Türkiye de derin bir sosyal anomi yani toplumsal çılgınlık hali var. İnsanlar içeri de - dışarı da, derste – sıra da, sokakta – cadde de, hastane de – pastane de, okul da - ev de – işyerlerinde, üniversite kampüslerinde durmadan birbirlerini öldürüp duruyorlar. Bu şiddet değirmeninde de en çok kadınlarımız, genç kızlarımız öğütülüp duruyor.
Her gün ama her gün bu ülke de birkaç kadın ya da genç kızlarımız kurbanlık koç gibi boğazlanarak ya da sayısız kurşunların hedefi olarak yaşamlarını kaybediyorlar.
Kadına yönelik şiddette simgeleşerek hayatını kaybeden Ayşe Paşalı olayından sonra da… …Güldünya, Arzu Odabaşı, Derya Demiral, Neslihan Polatçelik, Kamile Özbek, Ayten Bülbül, Nezahat Satılmış Yanık, Funda Yıldırım, Damla Şenler, Fadime Çalışkan, Büşra Özer, Songül Yılmaz, önceki gün Aydın da polis memuresi Hatice Alper Kavalcı, Adana da genç anne Sinem ve masum melek iki yavrusu üç yaşındaki Selen ve yedi aylık Simge……

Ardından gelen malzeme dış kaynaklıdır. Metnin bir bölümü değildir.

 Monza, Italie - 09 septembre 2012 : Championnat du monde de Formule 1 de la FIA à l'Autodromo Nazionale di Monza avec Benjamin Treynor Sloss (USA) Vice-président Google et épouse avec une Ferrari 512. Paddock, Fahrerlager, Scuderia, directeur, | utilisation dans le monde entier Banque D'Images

…ve daha onlarca, yirmilerce, otuzlarca Ayşe Paşalı’yı, Selen ve Simge’yi al tepe tepe, istediğin şekil ve yöntemle öldür diyerek Azrailleri olan kocalarına adeta servis eden şizofrenik bir can güvenliği anlayışı.
Ve kadınlar
bizim kadınlarımız:
korkunç ve mübarek elleri
ince, küçük çeneleri, kocaman gözleriyle
anamız, avradımız, yarimiz
ve sanki hiç yaşanmamış gibi ölen
ve soframızdaki yeri
öküzümüzden sonra gelen
ve dağlara kaçırıp uğrunda hapis yattığımız
ve ekinde, tütünde, odunda ve pazardaki
ve kara sabana koşulan ve ağıllarda
bizim olan kadınlar, bizim kadınlarımız … (N.H)

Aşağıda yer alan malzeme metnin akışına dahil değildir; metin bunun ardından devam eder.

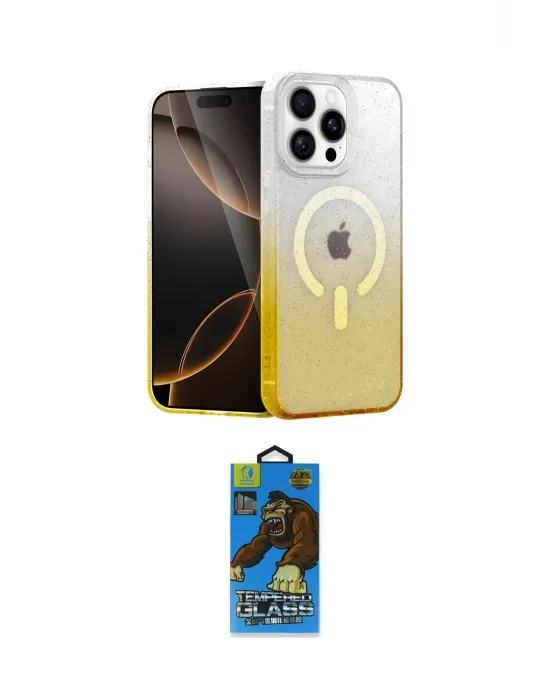 ieg™ iPhone 14 Pro Max Kılıf Eksen Minimal Özel Seri - Siyah 18D Cam Ekran Koruyucu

Nedir bu hal? Türkiye nereye gidiyor? Yasalarla başa çıkamadığımız bu caniliklerle başka türlü nasıl mücadele edebiliriz? Kalpler katılaşmış, egolar şişmiş, heva ve heves ilah edinilmiş, yaşama sevinci kaybolmuş, ay ve güneş bizim olsa tatmin olmaz bir iştiha anaforuna bir tatminsizliğe sürüklenmişiz. Milletçe birbirimize olan sevgi ve saygımızı kaybederek birbirlerinin yüzüne nefretle bakan insanların ülkesi olmuşuz.
Bundan 7, 8 yıl önce bir Kurban Bayramı öncesinde üç günde yedi kişiyi öldüren iki genç katile, polis bu insanları neden öldürdünüz diye sorduğunda verilen cevap aynen şu şekilde olmuştur;
… “ZEVK İÇİN YAPTIK LAN”… evet zevk için insanların öldürüldüğü bir ülkede yaşıyoruz.
Yan bakma, omuz atma yüzünden cinayetlerin işlendiği, düşenin yerde kaldığı, düğün, nişan ve asker uğurlama merasimlerinde insanların maganda kurşunlarıyla can verdiği, maç oynanırken tribünlerde genç insanların öldürüldüğü, stadyumların önlerinde, cadde ve sokaklarda insanların bıçaklandığı, maganda kültürünün içselleştirildiği, çocuklara ve kadınlara yönelik şiddetin kanıksandığı, aile içi şiddetin normalize edildiği, değersizliğin değer edinilerek çürütüldüğü, yerleşik ahlaki paradigmaların ders dest edildiği bir ülkeden bahsediyoruz.
“İnsafını Kaybedenler Hiçbir Hakikati Bütünüyle Kavrayamazlar.” … diyor Cemil Meriç.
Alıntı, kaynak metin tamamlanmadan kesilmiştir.